Some like an open stance, facing directly at the ball with you shoulders perpendicular to the line of the shot. Others prefer a much more closed stance, with the body turned up to 90 degrees away from the line of the shot. Which should you use, given the myriad of choices from one extreme to the other?
Grab a cue and hold it in your shooting hand at the balance point. Let your arm hang loosely at your side, so the stick is parallel to the floor and a little below your waist (depends of the length of your arms). Hold the cue loosely and keep your wrist, elbow and shoulder loose as well. Close your eyes (this is important, don't skip this).
Rotate your arm clockwise and counter clockwise a few times, keeping the arm and grip loose, and keeping the stick parallel to the floor.

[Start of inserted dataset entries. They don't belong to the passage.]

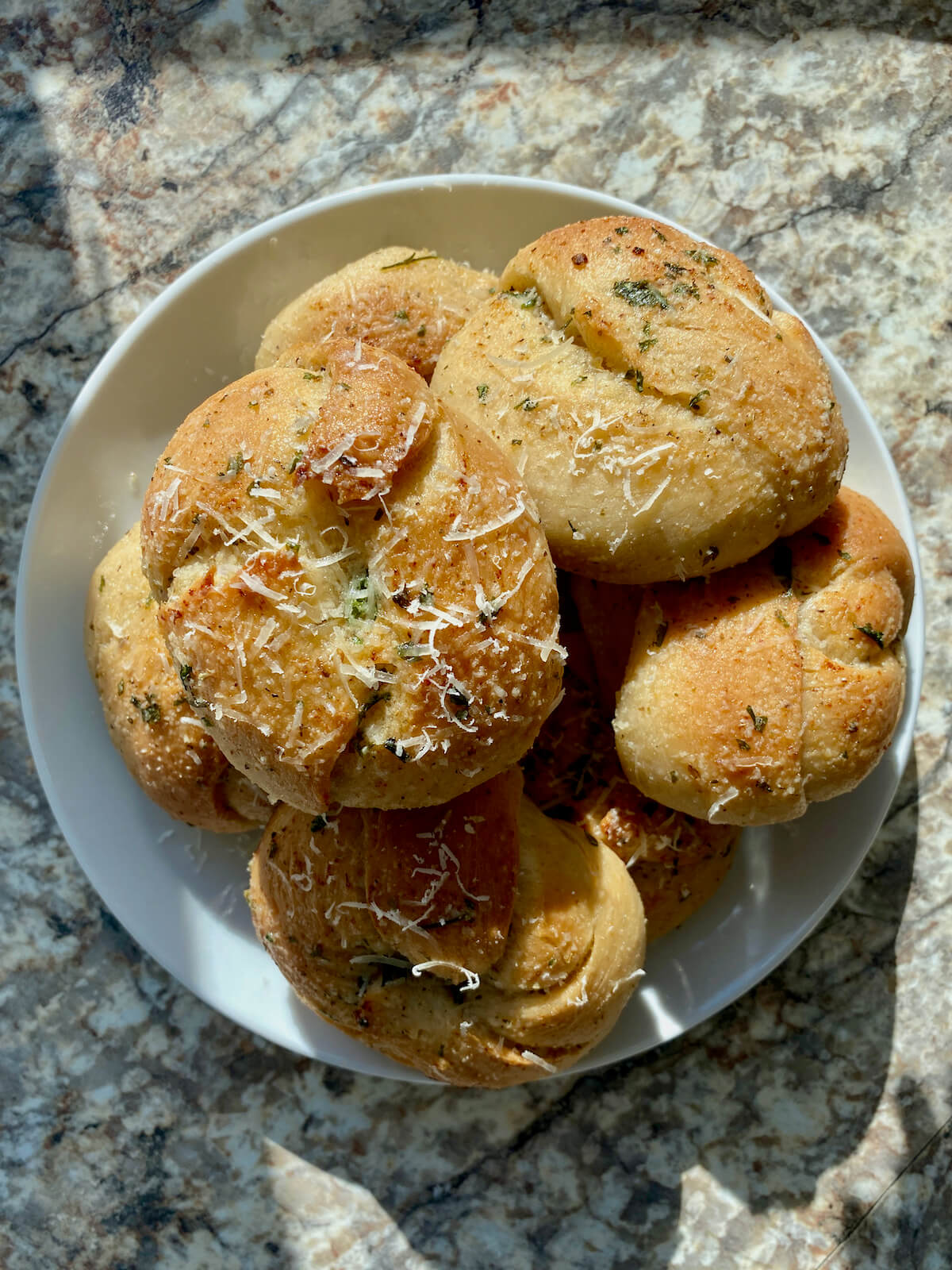 The finished sourdough garlic knots basted with more garlic butter and garnished with parmesan cheese piled on a small plate.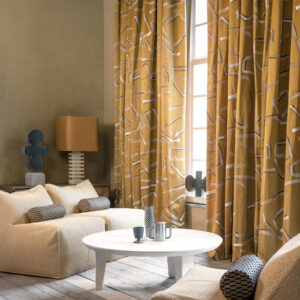 Gezellige zithoek met Elitis gordijnen in het patroon Craft Chic Istinto LF 344 21 in okergeel, gecombineerd met neutrale meubels en moderne accenten.
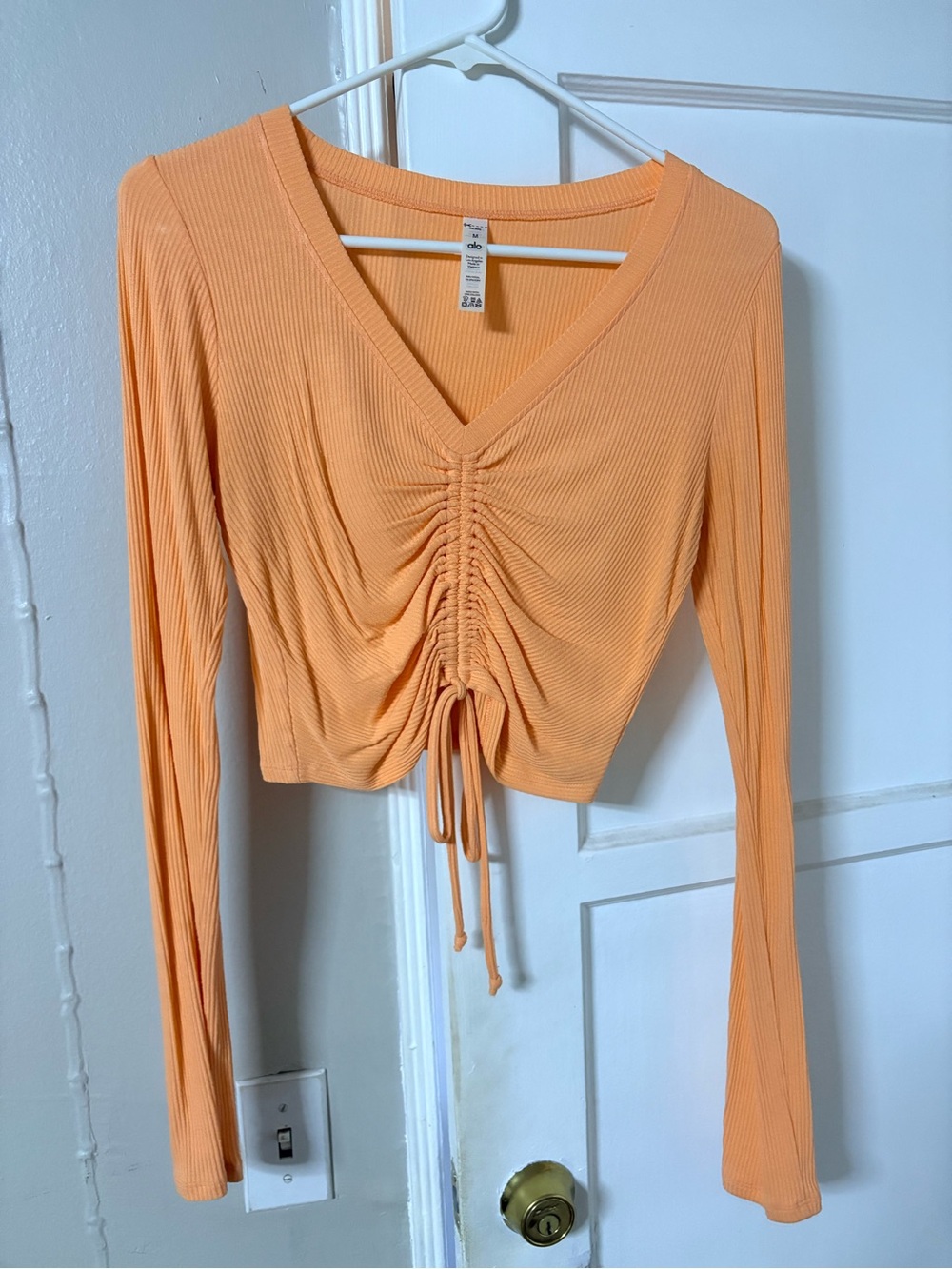 ALO Ribbed Drawstring V-Neck Long Sleeve Top - Peach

Stop powering your arm and let it come to rest gently, in whichever orientation is most comfortable.
Open your eyes and look at the angle the cue makes to your body. That is the angle you want to have on every shot. Hold the stick more firmly now, and turn your whole body/stick until the stick is in line with the shot. That's the angle you should have to the table.
Your wrist will be most comfortable in one particular orientation to your arm, but that orientation for you may be different than it is for me. One isn't better than another, but if you try to shoot with a different orientation you'll be fighting your body's natural motions and your stroke will suffer because of it.
Fighting against the body's natural tendencies requires conscious effort, and you don't want that; you want your stroke to be second nature so you can use that brainpower for more important things.